More Hot Soups for Chilly Winter Days

(hover for a description, click a photo for a recipe)
Chocolate Chili Scandinavian Pea Soup White Chicken Chili
~ more soup recipes ~

Sunday, January 25, 2009

Beef Bourguignon

The classic French beef stew, beef marinated and then slowly braised in wine. Worthy of a special occasion. Just making it may create an occasion!

Beef Bourguignon is a luxurious beef stew. (Stew?!) So says me, paraphrasing Julia Child who stripped pâté of all pretension by deconstructing it to ‘luxurious cold meatloaf’. (Meatloaf?!)

Made with meat, wine and vegetables, Beef Bourguignon is nothing more than beef stew -- and at the same time, much more.

My two favorite beef stew recipes – Beef and Mushroom Stew and Winter Stew – find their way to the table in a couple of hours.

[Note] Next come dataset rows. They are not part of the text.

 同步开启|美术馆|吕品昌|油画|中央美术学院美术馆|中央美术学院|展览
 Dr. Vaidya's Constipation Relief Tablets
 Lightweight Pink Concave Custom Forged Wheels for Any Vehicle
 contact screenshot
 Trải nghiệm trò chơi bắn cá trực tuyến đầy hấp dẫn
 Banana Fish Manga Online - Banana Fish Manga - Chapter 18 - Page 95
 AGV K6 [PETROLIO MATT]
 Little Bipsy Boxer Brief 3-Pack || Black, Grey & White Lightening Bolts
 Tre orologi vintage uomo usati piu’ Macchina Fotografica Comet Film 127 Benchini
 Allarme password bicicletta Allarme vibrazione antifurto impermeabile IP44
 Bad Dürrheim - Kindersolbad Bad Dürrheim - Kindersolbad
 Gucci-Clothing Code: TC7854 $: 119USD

At the other end of the time spectrum is Beef Bourguignon, made over three days. It uses all the same ingredients but feels like quite a production, in fact IS quite a production, the stuff of which lore is made. So yes, Beef Bourguignon is beef stew but making it, well, it’s deserving of an occasion.

An occasion is just what happened this month when life converged: friends mentioned wanting to try elk meat, an easy substitute for beef, the same day I began to collect Beef Bourguignon recipes for a Valentine’s post about romantic meals for BlogHer. Thus was an occasion born, a feast.

LANGUAGE NOTES The hardest thing about Beef Bourguignon may be the spelling. The anglicized spelling is Bourguignon and I also see the French spelling, Beouf Bourguignonne. It means in the ‘style of Burgundy’, one of France’s most famous wine regions and appellations. It is pronounced [boor-gee-NYON].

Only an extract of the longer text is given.